Prompt
Search the records for the word "Accent". Copy every line where it appears.

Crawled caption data
╔══
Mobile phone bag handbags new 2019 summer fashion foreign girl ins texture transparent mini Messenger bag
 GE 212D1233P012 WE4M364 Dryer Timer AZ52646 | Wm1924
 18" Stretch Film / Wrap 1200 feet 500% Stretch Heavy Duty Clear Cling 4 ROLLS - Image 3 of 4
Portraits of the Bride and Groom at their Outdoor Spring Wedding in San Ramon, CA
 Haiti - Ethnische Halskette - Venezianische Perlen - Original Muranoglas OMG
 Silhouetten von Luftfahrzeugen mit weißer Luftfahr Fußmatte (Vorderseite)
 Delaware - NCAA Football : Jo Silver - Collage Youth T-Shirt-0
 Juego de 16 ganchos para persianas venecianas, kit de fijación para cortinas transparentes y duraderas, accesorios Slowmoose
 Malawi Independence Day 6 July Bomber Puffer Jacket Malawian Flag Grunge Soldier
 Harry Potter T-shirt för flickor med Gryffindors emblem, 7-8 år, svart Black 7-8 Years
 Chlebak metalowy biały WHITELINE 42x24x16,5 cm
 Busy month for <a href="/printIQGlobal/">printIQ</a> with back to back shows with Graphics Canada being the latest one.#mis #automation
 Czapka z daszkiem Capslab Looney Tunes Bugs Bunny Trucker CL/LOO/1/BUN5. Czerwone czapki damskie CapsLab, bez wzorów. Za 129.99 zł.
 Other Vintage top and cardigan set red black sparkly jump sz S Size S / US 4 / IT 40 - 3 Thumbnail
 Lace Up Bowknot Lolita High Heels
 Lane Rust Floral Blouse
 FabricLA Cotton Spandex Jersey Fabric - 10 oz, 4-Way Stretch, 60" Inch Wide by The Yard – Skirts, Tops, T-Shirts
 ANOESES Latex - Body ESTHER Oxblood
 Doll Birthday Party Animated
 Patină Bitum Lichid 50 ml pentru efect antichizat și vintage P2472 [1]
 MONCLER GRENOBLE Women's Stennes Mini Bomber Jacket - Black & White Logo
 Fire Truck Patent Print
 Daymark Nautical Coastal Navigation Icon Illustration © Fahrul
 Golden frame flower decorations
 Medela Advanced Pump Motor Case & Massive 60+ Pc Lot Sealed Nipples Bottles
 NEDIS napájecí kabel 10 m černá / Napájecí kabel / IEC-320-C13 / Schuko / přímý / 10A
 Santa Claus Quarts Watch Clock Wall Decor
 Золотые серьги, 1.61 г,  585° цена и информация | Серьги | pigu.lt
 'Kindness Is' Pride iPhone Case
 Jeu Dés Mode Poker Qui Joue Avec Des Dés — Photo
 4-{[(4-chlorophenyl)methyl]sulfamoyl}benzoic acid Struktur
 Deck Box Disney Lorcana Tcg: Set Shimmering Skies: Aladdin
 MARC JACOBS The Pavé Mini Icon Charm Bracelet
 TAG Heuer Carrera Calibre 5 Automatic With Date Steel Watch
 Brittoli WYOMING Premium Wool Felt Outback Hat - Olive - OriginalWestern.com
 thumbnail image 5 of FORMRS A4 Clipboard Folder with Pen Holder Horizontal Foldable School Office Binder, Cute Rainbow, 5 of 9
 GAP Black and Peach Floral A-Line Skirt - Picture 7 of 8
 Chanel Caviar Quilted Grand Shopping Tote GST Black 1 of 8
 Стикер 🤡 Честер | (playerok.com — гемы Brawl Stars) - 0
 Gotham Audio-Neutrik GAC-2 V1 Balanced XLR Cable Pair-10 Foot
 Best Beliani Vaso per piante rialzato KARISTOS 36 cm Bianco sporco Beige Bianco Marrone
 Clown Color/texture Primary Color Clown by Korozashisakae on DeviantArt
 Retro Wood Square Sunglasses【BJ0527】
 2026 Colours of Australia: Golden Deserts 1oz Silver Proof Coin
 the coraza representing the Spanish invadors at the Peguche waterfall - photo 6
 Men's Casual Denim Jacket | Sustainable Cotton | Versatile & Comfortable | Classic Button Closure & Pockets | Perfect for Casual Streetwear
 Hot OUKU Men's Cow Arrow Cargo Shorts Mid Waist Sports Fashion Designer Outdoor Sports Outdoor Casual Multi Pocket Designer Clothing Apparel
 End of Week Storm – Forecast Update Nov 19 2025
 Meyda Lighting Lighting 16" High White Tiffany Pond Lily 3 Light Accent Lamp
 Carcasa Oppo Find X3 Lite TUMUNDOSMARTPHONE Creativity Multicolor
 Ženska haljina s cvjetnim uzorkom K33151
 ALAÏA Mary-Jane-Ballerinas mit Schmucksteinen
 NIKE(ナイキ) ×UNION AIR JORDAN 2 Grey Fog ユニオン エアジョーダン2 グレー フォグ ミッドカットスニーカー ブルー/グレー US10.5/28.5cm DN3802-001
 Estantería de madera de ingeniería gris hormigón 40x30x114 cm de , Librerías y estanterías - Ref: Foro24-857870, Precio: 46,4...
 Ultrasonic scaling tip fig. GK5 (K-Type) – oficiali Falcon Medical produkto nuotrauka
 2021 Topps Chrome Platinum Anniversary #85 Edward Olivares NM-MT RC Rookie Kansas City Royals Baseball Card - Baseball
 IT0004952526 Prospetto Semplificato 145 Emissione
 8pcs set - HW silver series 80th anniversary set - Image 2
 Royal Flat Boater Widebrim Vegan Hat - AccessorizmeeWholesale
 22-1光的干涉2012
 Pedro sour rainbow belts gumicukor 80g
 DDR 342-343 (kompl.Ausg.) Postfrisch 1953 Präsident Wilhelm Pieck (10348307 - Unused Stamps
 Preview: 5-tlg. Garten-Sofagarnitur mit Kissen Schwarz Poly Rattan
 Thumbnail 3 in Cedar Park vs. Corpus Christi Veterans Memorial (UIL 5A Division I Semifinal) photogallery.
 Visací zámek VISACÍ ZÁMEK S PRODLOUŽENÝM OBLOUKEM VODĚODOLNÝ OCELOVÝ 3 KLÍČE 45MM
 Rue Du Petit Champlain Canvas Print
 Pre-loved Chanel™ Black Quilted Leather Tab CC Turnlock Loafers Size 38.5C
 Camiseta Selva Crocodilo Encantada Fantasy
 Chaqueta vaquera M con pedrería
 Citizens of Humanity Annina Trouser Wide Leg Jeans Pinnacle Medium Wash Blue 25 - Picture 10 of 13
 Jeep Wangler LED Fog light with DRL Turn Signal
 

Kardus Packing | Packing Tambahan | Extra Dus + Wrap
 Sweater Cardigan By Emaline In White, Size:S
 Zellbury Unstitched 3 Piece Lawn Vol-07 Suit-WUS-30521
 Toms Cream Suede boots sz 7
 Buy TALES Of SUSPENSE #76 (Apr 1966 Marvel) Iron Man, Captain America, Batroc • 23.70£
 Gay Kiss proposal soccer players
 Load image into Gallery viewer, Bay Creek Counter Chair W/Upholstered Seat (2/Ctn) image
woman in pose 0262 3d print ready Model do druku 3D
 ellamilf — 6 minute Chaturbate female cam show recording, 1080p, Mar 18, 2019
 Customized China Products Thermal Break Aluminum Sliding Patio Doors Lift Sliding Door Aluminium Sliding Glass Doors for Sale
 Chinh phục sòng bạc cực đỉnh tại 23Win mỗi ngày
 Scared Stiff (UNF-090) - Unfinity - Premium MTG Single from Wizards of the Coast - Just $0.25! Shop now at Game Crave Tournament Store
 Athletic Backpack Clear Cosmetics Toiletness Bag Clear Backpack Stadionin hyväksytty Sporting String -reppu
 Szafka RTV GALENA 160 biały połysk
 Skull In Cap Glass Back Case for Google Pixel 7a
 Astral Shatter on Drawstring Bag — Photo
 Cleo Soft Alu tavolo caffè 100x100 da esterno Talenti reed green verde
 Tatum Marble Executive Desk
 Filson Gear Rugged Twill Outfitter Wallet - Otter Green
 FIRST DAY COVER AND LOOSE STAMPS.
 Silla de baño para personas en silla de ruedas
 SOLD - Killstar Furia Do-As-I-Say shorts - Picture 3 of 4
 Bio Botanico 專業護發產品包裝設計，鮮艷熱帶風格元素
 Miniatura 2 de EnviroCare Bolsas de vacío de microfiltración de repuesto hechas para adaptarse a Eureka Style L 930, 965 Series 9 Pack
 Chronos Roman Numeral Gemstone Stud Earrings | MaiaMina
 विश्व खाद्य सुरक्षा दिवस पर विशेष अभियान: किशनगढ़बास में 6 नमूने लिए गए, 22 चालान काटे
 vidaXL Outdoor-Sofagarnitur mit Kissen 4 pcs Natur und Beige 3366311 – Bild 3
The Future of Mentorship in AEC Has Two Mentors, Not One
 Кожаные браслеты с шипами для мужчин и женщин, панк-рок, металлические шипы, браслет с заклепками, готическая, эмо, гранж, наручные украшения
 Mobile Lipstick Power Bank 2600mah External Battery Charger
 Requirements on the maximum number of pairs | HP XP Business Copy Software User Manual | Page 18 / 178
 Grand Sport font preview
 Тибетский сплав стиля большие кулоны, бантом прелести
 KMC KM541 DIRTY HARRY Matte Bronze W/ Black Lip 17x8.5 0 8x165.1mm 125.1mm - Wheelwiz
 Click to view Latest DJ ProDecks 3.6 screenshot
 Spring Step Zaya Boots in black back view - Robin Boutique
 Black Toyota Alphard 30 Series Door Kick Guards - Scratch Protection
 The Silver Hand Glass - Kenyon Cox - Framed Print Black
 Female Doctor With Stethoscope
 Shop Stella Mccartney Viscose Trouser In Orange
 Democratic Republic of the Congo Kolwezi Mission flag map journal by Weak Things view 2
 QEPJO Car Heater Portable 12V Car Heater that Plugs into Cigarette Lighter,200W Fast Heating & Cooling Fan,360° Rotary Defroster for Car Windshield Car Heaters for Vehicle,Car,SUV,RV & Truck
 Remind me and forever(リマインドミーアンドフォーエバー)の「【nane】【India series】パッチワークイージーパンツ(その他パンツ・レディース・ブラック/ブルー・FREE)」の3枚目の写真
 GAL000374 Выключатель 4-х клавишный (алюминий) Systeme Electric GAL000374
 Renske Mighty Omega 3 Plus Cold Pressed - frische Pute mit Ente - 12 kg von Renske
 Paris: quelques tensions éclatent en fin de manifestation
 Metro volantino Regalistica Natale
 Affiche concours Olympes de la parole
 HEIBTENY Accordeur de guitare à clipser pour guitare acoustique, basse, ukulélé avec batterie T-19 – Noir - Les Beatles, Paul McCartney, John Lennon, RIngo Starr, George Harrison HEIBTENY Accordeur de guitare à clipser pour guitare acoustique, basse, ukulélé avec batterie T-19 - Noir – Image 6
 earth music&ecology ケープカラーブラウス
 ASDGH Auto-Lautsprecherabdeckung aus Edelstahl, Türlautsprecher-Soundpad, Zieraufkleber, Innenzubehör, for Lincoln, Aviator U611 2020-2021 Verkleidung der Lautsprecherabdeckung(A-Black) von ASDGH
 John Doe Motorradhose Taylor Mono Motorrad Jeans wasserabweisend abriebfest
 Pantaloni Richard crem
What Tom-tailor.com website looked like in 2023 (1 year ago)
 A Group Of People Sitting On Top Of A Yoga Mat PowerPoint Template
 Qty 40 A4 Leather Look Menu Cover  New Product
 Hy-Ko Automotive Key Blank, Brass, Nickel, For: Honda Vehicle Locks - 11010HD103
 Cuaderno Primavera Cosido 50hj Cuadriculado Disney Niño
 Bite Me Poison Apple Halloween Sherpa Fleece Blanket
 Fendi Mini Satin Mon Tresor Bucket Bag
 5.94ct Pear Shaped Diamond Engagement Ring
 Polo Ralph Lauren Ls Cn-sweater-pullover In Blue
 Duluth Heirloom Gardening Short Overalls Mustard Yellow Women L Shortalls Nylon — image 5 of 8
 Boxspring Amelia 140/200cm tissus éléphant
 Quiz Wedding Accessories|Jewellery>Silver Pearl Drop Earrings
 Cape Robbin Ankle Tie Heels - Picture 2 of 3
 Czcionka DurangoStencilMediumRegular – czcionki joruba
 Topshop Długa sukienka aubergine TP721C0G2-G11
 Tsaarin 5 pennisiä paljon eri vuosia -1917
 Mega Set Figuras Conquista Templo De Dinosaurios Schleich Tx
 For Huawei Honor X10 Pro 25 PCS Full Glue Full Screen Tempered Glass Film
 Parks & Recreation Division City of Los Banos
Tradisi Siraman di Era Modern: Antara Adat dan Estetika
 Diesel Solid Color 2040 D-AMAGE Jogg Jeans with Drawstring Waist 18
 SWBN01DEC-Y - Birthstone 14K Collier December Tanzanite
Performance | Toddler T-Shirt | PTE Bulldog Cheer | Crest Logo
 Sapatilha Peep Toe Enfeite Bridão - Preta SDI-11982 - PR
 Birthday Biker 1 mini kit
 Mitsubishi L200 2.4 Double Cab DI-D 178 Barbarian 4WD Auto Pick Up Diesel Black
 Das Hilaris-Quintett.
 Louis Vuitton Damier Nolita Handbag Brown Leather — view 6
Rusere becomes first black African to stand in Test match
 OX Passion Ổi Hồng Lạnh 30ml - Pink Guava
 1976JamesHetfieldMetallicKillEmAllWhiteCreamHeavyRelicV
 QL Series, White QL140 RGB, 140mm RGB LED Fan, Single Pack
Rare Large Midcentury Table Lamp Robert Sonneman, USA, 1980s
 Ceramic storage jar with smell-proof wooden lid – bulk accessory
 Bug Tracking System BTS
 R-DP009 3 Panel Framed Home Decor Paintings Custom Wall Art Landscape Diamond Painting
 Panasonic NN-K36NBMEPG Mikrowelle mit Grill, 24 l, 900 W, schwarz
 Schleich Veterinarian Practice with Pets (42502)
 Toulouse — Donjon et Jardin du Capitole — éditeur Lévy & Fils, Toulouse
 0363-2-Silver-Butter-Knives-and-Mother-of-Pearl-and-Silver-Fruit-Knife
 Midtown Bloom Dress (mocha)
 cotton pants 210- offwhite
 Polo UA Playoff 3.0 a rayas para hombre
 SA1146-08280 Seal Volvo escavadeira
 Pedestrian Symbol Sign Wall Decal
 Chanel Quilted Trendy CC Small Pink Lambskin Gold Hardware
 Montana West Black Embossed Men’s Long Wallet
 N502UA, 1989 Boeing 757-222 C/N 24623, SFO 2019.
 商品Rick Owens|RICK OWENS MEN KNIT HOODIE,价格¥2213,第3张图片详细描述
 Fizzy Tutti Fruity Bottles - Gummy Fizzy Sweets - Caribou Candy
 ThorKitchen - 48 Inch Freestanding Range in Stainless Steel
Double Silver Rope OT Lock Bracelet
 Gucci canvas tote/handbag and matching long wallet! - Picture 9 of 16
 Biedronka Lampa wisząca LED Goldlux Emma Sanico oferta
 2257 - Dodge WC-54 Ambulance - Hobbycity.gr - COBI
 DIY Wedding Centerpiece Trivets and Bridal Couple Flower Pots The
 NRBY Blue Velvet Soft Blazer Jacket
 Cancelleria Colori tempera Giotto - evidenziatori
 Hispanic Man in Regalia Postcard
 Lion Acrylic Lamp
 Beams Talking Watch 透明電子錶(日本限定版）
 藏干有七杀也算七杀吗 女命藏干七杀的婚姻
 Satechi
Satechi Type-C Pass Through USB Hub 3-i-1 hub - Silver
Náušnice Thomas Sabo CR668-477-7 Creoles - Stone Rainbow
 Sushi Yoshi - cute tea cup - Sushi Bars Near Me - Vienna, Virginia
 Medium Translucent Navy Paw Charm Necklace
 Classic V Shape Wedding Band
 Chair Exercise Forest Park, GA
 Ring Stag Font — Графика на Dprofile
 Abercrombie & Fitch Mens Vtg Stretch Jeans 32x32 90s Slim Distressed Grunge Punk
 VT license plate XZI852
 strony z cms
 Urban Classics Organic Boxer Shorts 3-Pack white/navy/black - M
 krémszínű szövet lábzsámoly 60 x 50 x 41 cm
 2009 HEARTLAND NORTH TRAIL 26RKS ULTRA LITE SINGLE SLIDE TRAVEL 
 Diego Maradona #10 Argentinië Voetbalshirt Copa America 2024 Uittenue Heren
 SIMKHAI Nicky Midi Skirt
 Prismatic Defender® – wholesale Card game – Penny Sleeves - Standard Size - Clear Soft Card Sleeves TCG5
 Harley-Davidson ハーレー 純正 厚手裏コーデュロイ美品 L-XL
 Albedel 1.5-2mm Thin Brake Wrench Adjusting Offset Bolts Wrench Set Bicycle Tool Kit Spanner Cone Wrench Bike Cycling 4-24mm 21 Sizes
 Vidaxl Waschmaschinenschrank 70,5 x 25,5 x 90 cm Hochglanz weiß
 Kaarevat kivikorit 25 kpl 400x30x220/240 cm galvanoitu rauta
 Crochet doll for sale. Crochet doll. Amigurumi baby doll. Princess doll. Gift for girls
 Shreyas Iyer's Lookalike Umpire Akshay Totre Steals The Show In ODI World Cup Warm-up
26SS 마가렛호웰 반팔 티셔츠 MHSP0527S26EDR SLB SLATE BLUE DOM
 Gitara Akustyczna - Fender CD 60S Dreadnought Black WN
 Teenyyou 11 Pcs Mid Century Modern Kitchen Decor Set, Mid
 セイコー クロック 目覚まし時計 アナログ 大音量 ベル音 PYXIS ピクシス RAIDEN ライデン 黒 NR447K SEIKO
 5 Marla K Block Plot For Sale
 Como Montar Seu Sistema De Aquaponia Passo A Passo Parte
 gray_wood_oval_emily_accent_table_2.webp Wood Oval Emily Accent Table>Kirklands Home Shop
╚══
Result for this task
 Meyda Lighting Lighting 16" High White Tiffany Pond Lily 3 Light Accent Lamp
 gray_wood_oval_emily_accent_table_2.webp Wood Oval Emily Accent Table>Kirklands Home Shop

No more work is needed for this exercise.